Posted: November 4, 2005 8:30 am ET

(Topeka, Kansas) Matthew Limon, the gay man at the center of a Kansas law struck down by the state Supreme Court, was freed late Thursday night, but his ordeal may not be over.

The law had provided for tougher sentences for people convicted of gay sex than those provided for heterosexual sex.

During a sentencing hear Thursday afternoon - at which Limon was in orange prison clothes and shackled - the state indicated it may take the case to the US Supreme Court or file new charges.

Under Kansas law the attorney general has 30 days to decide whether to pursue the case against Limon.

When Limon's attorney was unable to immediately assure Miami County District Judge Richard Smith that he could arrange for Limon to be monitored by a qualified agency the judge ordered Limon to remain behind bars until the state made its decision. (story)

Late Thursday night attorney Byron Cerrillo had completed the arrangements and Smith ordered Limon's release but under strict regulations.

He is to stay with an aunt and uncle and must work on their farm. He must attend church on Sundays.

If the state decides not to appeal or if no new charges are filed Limon could be freed from supervision, but if it decides to carry on the case Limon could be forced to return to jail or to post a bond.

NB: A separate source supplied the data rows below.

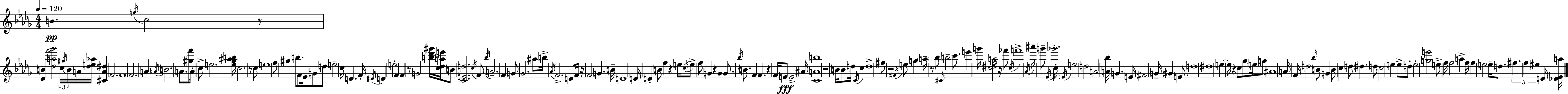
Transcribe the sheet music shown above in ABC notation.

X:1
T:Untitled
M:4/4
L:1/4
K:Bbm
B g/4 c2 z/2 [_DB] [_daf'_g']2 c/4 ^g/4 B/4 A/4 [_de_a]/4 [^CA^d] F2 F4 F2 A _A/4 B2 A/2 [^gf']/4 A/4 c/2 e2 [e_g^ab]/4 c2 z/2 c/2 e4 f/2 ^g b/2 F/2 _E/4 G/2 d/2 e2 c/4 D F/4 ^D/4 D e2 F F z/2 G2 [b_d'^g']/4 [c_dae']/4 B/2 [CEd]2 c/4 F/2 _b/4 A2 F G/2 _G2 ^a/2 b/4 _A/4 F2 D/2 F/4 z/4 F2 G B/4 D4 D/4 D B/2 f z e/4 c/4 e/2 f/2 G z G G/2 _b/4 B/2 F F z F/4 E/2 E2 ^A/4 [CAb]4 z2 B/4 B/2 d/4 C/4 c d4 ^f/2 z2 ^F/4 e/2 g a/4 z/2 _b/2 ^C/4 b2 c'/2 e' g'/4 [c^dfa]2 z/4 _f'/2 c/4 f'4 _A/4 ^a'/4 g'/2 _E/4 _g'2 c/4 E/4 e2 d2 A2 [A_b]/4 G E/4 ^F2 G/4 ^G E/2 d4 ^d4 e e/4 z c/2 _g/2 e/4 g/2 ^A4 A/4 F/4 d2 _b/4 B/2 G B/2 c d/2 ^d d/2 c2 e e/2 d/2 e2 [ge']2 e/2 f/4 f2 a f/4 f e2 e/4 d/2 ^f f ^e D/4 [_D_Ea]/4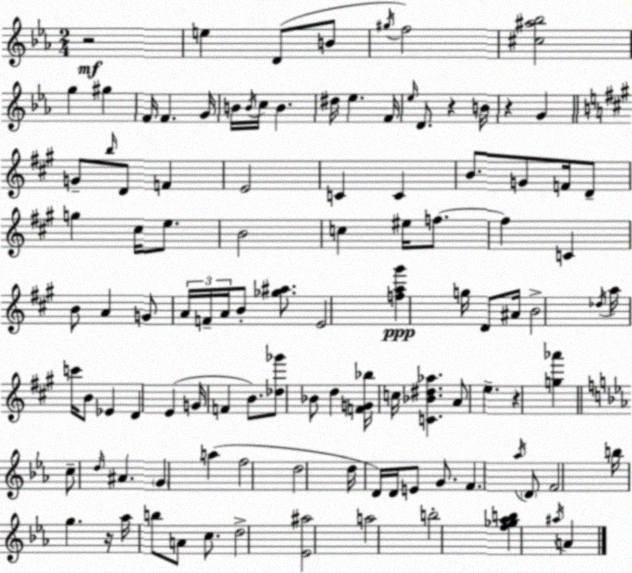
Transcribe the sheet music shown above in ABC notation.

X:1
T:Untitled
M:2/4
L:1/4
K:Eb
z2 e D/2 B/2 ^g/4 f2 [^c^a_b]2 g ^g F/4 F G/4 B/4 B/4 c/4 B ^d/4 _e F/4 _e/4 D/2 z B/4 z G G/2 b/4 D/2 F E2 C C B/2 G/2 F/4 D/2 g ^c/4 e/2 B2 c ^e/4 f/2 f C B/2 A G/2 A/4 F/4 A/4 B/2 [_g^a]/2 E2 [fa^g'] g/4 D/2 ^A/4 B2 _d/4 a/4 c'/4 B/2 _E D E G/4 F B/2 [_d_g']/2 _B/2 d [FG_b]/4 c/4 [C_B^d_a] A/2 e z [g_a'] c/2 d/4 ^A G a f2 d2 d/4 D/4 D/4 E/2 G/2 F _a/4 D/2 F2 b/4 g z/4 _a/4 b/2 A/2 c/2 d2 [_E^a]2 a2 b2 [f_g_ab] ^a/4 A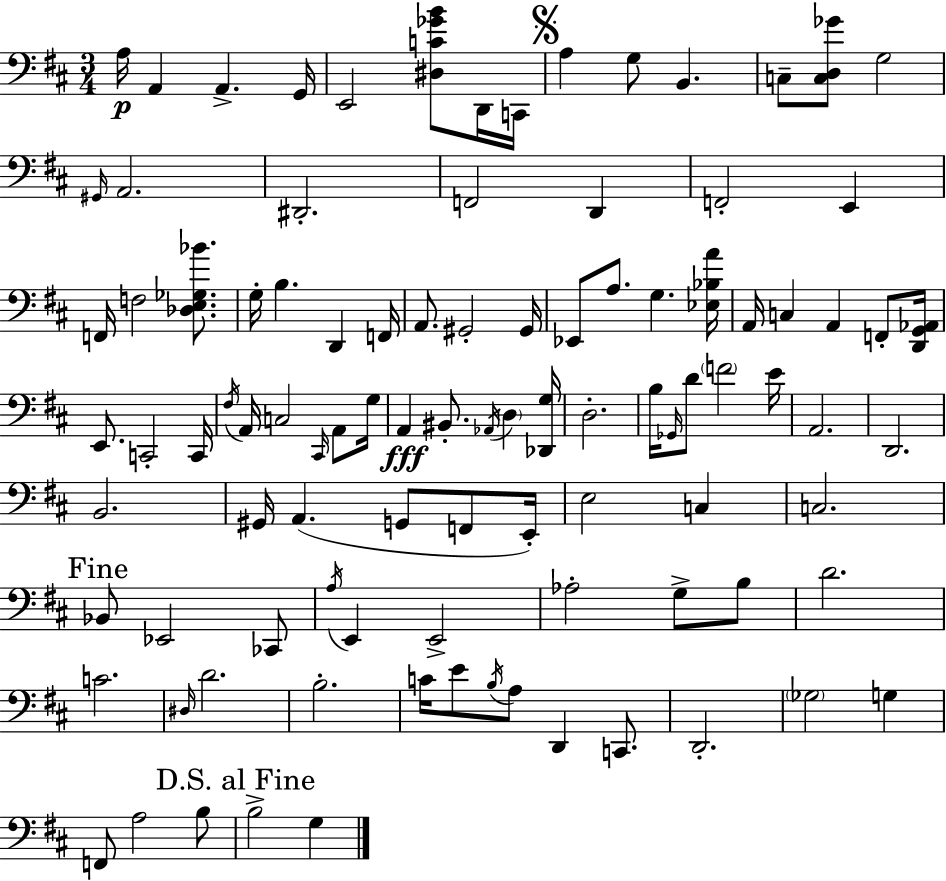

Limon was convicted in 2000 of having sex at age 18 with a 14-year-old boy when both were residents of a Paola group home for the developmentally disabled.

Limon was sentenced to more than 17 years in prison for violating the state's anti-sodomy law, having two similar offenses on his juvenile record.

If the other teen had been a female Limon would have been charged the lesser offense of unlawful sexual relations, for which his maximum sentence would have been one year and three months in prison.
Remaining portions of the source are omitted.